This time around, a gold medal is all in their minds.
If two-time defending beach volleyball gold medalists Kerri Walsh Jennings and Misty May-Treanor make it three in a row, it's not their physical dominance that will carry them through their toughest Olympic competition yet. It's couch time.
For the past six months, Walsh Jennings (no hyphen yet -- she has yet to officially change her last name, but when she does, Walsh will become her middle name) and May-Treanor have been working with a sports psychologist to explore what was keeping them from winning tournaments and to rebalance their chemistry.
"Last year was a great season, all in all," Walsh Jennings said after defeating Marleen Van Iersel and Sanne Keizer of the Netherlands 21-13, 21-12 in Saturday night's round of 16. "We had two really tough injuries to deal with, took two years off and played with new teams. This year, we've been in a funk and it was all mental. We worked so hard to get through that and get to the heart of the matter. We let go of so much baggage. It's sports psychology at its finest."
That Walsh Jennings is so open about the struggles she and May-Treanor have experienced since partnering up again, and their work with a sports psychologist, speaks as much to their openness as it does to the prevalence of sports psychologists in today's locker rooms.
"There is a lot of heart involved in what we do," Walsh Jennings said. "Being good spiritually and emotionally and physically is so important, and that's where we're at. That is why we are playing the way we are right now."
After winning their second Olympic gold medal in Beijing, Walsh Jennings took time off to have two children -- sons Joseph and Sundance -- and May-Treanor was sidelined with a torn Achilles suffered during a practice session on "Dancing With the Stars."
At various times, both Walsh Jennings and May-Treanor partnered with Nicole Branagh but eventually decided to pair up again in 2011 and make a run at another Olympic title.
But this road has been the bumpiest. They returned to competition as a team in 2011 and felt that the chemistry and skill level was still there, but their confidence was lacking. And the game had changed. They no longer were the dominant force they were used to being.
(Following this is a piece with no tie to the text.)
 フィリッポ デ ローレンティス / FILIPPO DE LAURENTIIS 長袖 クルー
"We had what is special about us right away, which is the love and respect and the work ethic," Walsh Jennings said. "As far as being great right away, absolutely not. We had four silvers last year. That was a gross, gross year."
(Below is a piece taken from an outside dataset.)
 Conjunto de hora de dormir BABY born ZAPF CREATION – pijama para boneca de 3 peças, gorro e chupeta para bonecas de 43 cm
This year has been just as up-and-down, but while Walsh Jennings said their play has made her "want to throw up," the goal was always to peak during the Olympics.
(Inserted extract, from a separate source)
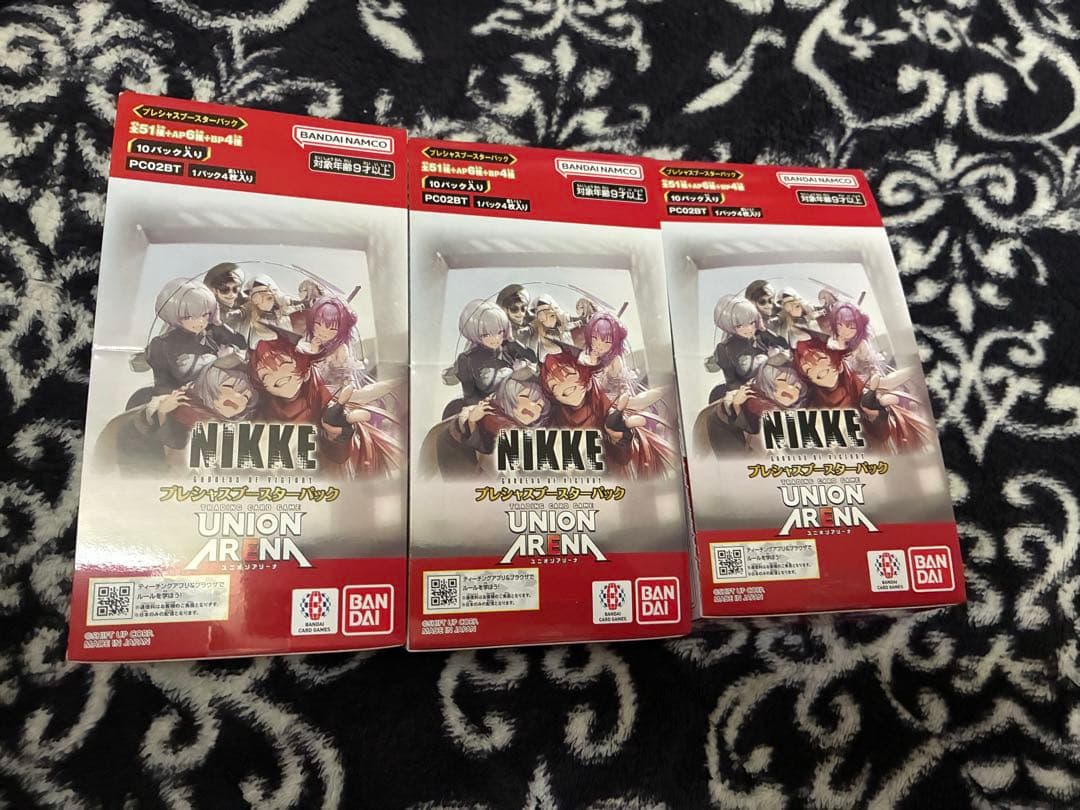 テープ付き ユニオンアリーナ NIKKE プレシャスブースターパック 3BOX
"It was more the mental conditioning we had to get back than the physical, and that's harder, way harder," she said, explaining that the game became more physical, from harder serves to pounding blocks, while they were away. "It takes time to create that flow again, especially when things changed so much in our two years off."
In that time, the field grew deeper, and that is evident here in London. This will be the hardest test of their Olympic careers.
"I think if you look at our road compared to everyone else, we have the most challenging road. We had that in [the] world championships and we let that one slip away. We're not going to let that happen."